On rarer occaisions, full sentences/descriptions are stored. For example there's an easter egg where if you pester a chicken too much, you get smote by the gods. All the accompanying text is in one place and consecutive. (so "TAUNT THE GOATS IF YOU WANT, BUT LEAVE THE CHICKENS ALONE" as opposed to it just retreiving the stored TAUNT,ALONE,GOATS,etc etc.)

So the memory address of "Podunk" is 11FFDF; I did a search on DF FF 11 in the ROM, and came up with three matches, one of which was preceded by A4 (so 'A4 DF FF 11')


$8F/A4DF FF 9D 12 3C SBC $3C129D,x[$3C:129D] A:00F9 X:0000 Y:0006 P:eNvMXdizc
^-- that came up when I did a trace in the general timeframe of an occurance of the word "Podunk". Now I'm pretty sure I screwed something up in the tracing (just started re-learning this), but I'll be damned if this isn't related to what I'm looking for.

Reason I'm pretty sure I screwed something up is... SBC is a subtracting function, right? and A4 = LDY dp "Loads directly to accumulator Y" (which I'm not 100% sure what that does exactly), which from the sound of it, is a little more related to what's going on.

7AE22 is the address where I found the A4DFFF11 code, and I'm using geiger's snes 9x emulator for tracing, and XVI32 for hex editing/searching, if that helps.

So based on what I've provided, is there anything I can do differently to produce better results? My goal here is to try and figure out how SOE handles text.

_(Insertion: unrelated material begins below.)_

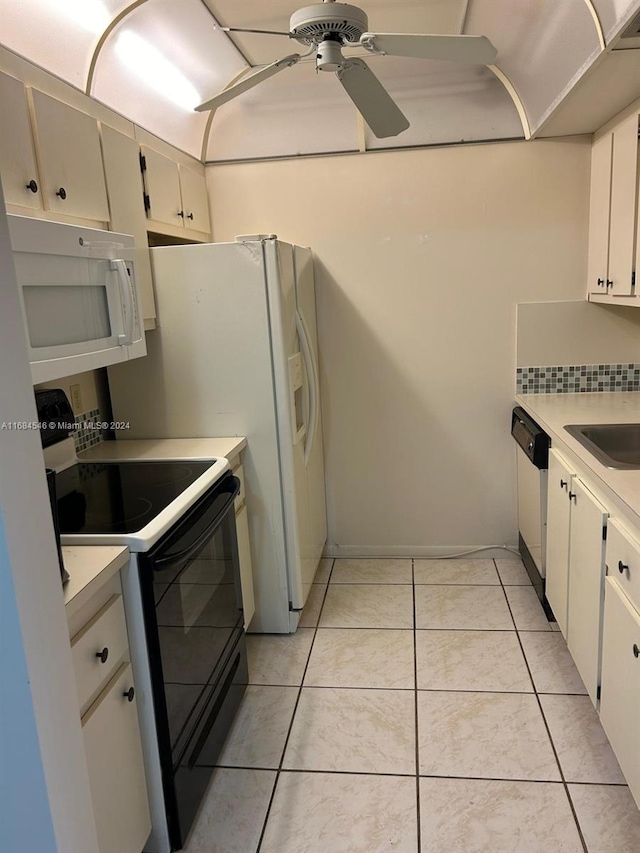 kitchen featuring sink, light tile patterned floors, white cabinets, white appliances, and ceiling fan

(if there's any way I can improve my posting quality in the future, go ahead and let me know what I'm doing right/wrong, I don't want to be a nuisance)

Edit: So I tried changing all three of the peices of code that contained DF FF 11 to supposedly point to a different word, but with no luck. I can change the word itself though.

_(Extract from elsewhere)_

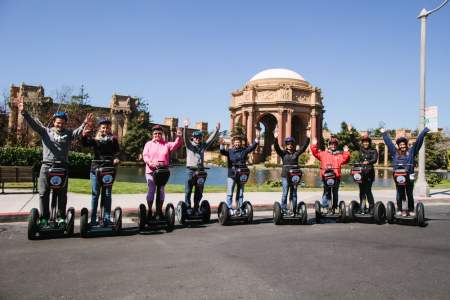 people standing on segway scooters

(edited by Zer0wned on 08-13-06 03:07 AM)
(edited by Zer0wned on 08-17-06 10:04 PM)
MathOnNapkins

1100

In SPC700 HELL


 





Since: 11-18-05

Last post: 6282 days
Last view: 6282 days
Posted on 08-13-06 04:52 AM Link | Quote
I don't understand what you mean by memory addres $11FFDF. I think SOE is hirom, so this isn't even a valid cpu address. And if it were Lo-Rom it would be an address that resided in ROM, not in RAM... so what exactly are you talking about?

Do you mean that ... erm. Let me put it this way, $11FFDF sounds like an address inside the rom image, not a memory address. Please clarify on that point.

Next, $A4 is an opcode that takes a one byte operand. So it would consume $DF, then the next opcode is $FF which is SBC $nnnnnn, X (where each n is a hex digit). So the opcode $FF consumes the next three bytes. So that would mean you'd have:

LDY $DF (read up on the direct page register to understand this)
SBC $????11, X (The question marks would be filled in by whatever followed $11 in reverse order)

^ This code makes little sense. Believe me, when you stare at SNES code in hex long enough, you learn to recognize what makes sense and what would be unusual. So I doubt this is code, or at least that if it is code, is not a proper reading. I mean, why would you load Y with a value then not immediately use it. More context would be needed to determine whether it was a correct analysis. Or a full disassembly/trace.

I don't have access to a usable romhacking computer right now so I really can't help you. But providing more information I could put you on the right path.
Zer0wned

Koopa


 





Since: 12-09-05
From: Torrance, ca

Last post: 6440 days
Last view: 6440 days
Posted on 08-13-06 05:33 AM Link | Quote
$11FFDF is an address inside of the actual ROM image, and you are correct, it is HiROM (I don't know most of the jargon yet, sorry about the confusion).

Unfortunately I can't continue tonight, but if you could remind me on how to correctly obtain a full dissassembly/trace (which is easy using the geiger snes 9x, if I remember correctly) I will gladly do it tomorrow before I leave.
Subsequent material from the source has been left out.